Те, кто нуждался в ней, никогда на моей памяти не задерживались около Андрея Николаевича. Главной формой моего общения с Андреем Николаевичем было обсуждение задач, очень разных и иногда далеких от меня; реже были разговоры об искусстве, разного рода жизненных наблюдениях. Некоторые неожиданные его вопросы я помню до сих пор; например, как формально описать отличие женского лица от мужского (ведь эту разницу мы определяем с первого взгляда)? Или не изменилось ли моё отношение к человеку как существу высшему, одухотворенному от сознания того, что его можно полностью закодировать и передать в таком виде куда-нибудь? При этом в последнем случае его интересовала, скорее, эмоциональная сторона ответа. Андрей Николаевич прекрасно знал музыку и поэзию.

Он не раз поражал меня отличным знанием огромного собрания пластинок симфонической музыки, которое они с Павлом Сергеевичем Александровым составили в Комаровке, - этой музыкой он часто «угощал» по вечерам своих гостей. Разговоры с Андреем Николаевичем, как правило, проходили в очень неформальной обстановке, часто во время «прогулок» - так он называл лыжные или пешие походы, иногда километров по 30-50 и в довольно высоком темпе.
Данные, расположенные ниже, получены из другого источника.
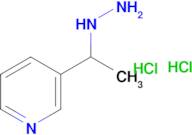 3-(1-hydrazinoethyl)pyridine dihydrochloride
Андрей Николаевич очень любил плавать и никогда не упускал малейшей возможности для этого.

В Индии он купался в пруду (на территории Индийского статистического института в Калькутте), в котором, как быстро выяснилось, водились змеи. Будучи у нас в Новосибирске в мае 1964 г., купался в Обском море при температуре воды не выше 10-12° прямо с борта баркаса, на котором мы с ним плавали. Мне пришлось нырнуть вслед за ним - неудобно же отставать от учителя; ощущения от этого «купания» я помню до сих пор».

Боровков А.А., Воспоминания, связанные с Андреем Николаевичем Колмогоровым в Сб.: Колмогоров в воспоминаниях учеников / Сост. А.Н. Ширяев, М., «МЦНМО», 2006 г., с. 105-106.

 

«В качестве куратора университетской аспирантуры по математике Колмогоров лично содержательно беседовал со всеми аспирантами - всех математических специальностей - по сути их диссертаций. Никто кроме него не мог и ставить перед собой такой задачи! На механико-математическом факультете Московского университета существуют два диссертационных совета по математике - по двум группам математических специальностей; Колмогоров был единственным, кто входил в состав обоих советов. И на защитах диссертаций, я уверен, он был единственным членом совета, который на каждой защите понимал всё, что говорилось. Среди учеников Колмогорова мы встречаем физика и кибернетика, геофизика и океанолога. Действительно, Колмогоров больше, чем великий математик, он - великий учёный».

Успенский В.А., Колмогоров, каким я его помню, в Сб.: Колмогоров в воспоминаниях учеников / Сост. А.Н. Ширяев, М., «МЦНМО», 2006 г., с. 282.